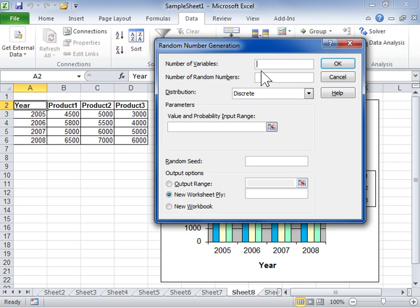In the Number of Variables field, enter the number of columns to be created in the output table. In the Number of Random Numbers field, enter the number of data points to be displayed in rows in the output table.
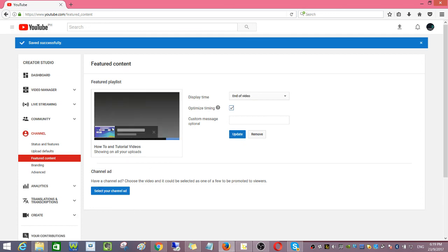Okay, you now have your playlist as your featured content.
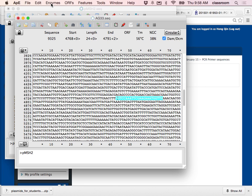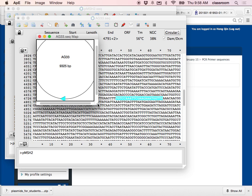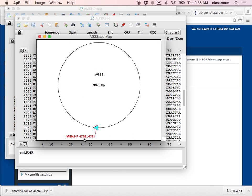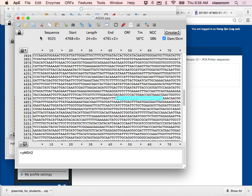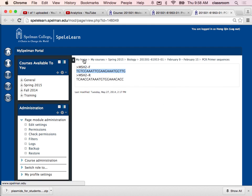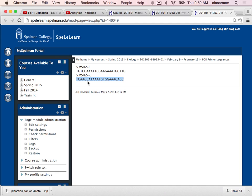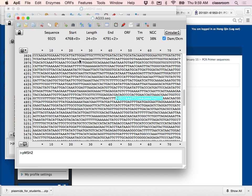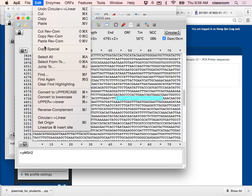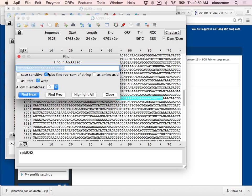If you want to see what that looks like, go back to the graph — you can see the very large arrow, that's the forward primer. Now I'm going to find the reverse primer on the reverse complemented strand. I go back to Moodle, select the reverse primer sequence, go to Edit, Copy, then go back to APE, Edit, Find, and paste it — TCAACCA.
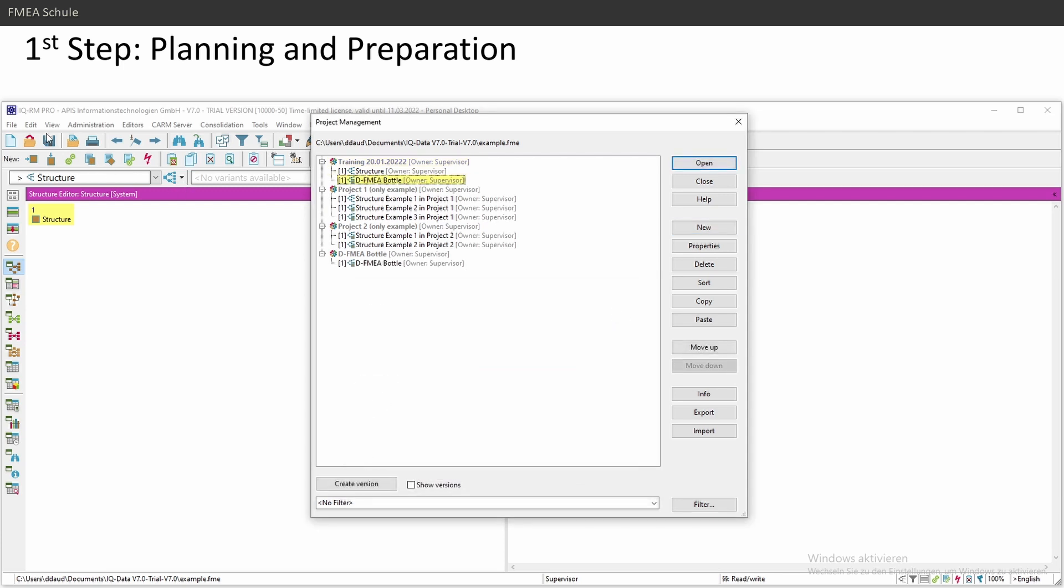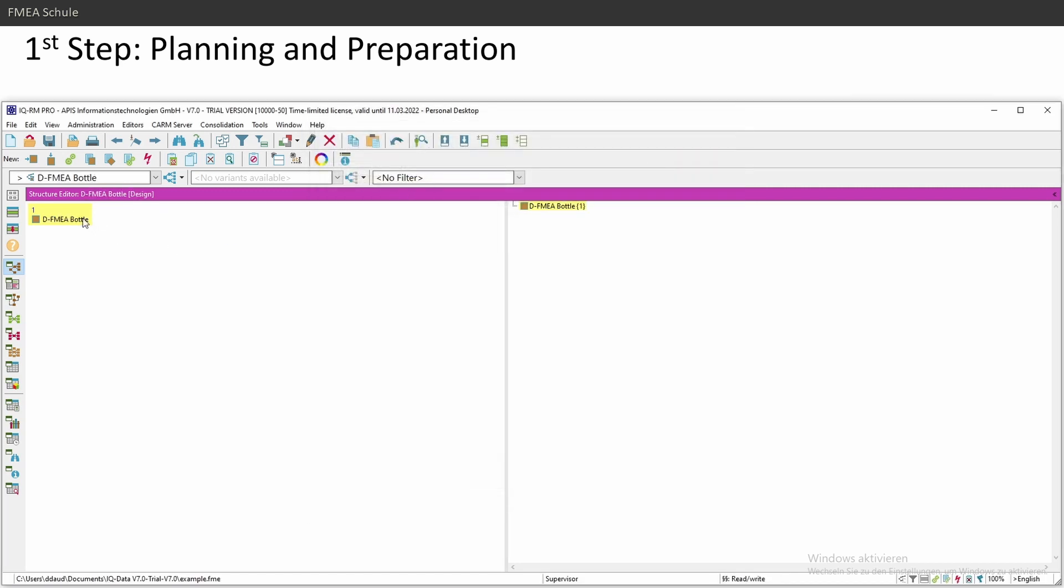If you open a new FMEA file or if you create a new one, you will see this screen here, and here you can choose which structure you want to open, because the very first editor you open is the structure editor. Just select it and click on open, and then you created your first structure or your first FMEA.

━━━━━━━━━━━━━━━━━━━━

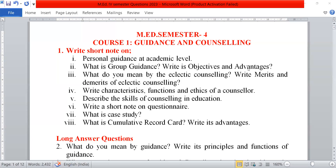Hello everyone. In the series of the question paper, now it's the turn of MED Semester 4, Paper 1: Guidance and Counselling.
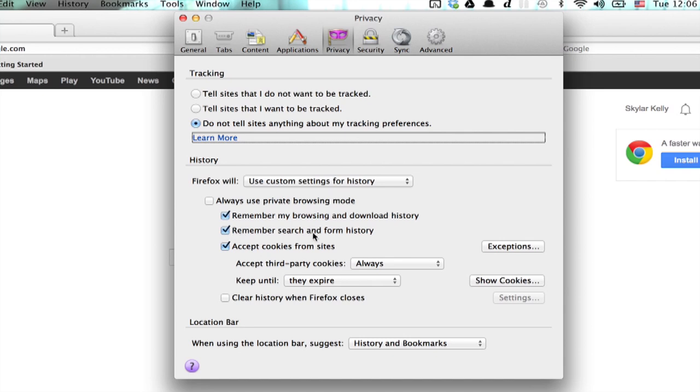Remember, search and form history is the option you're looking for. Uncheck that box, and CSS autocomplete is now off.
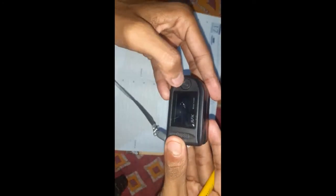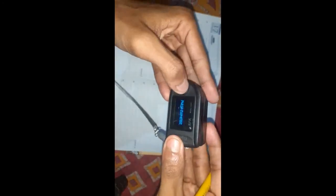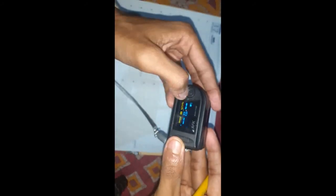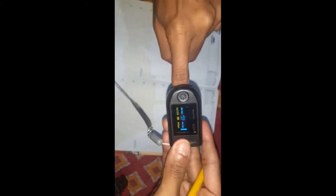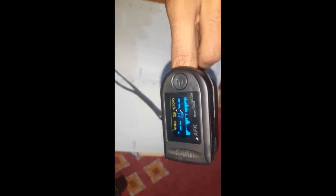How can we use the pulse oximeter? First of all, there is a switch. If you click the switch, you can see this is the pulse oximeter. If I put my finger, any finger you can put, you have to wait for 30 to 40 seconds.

━━━━━━━━━━━━━━━━━━━━

= YOUR GOAL =
Within these entries, output exactly the lines starting at the one with "Hello everyone. In" and finishing at the one with "Remember, search and". Leave pictures out of the output.

= OUTPUT BELOW =
Hello everyone. In the series of the question paper, now it's the turn of MED Semester 4, Paper 1: Guidance and Counselling.
Remember, search and form history is the option you're looking for. Uncheck that box, and CSS autocomplete is now off.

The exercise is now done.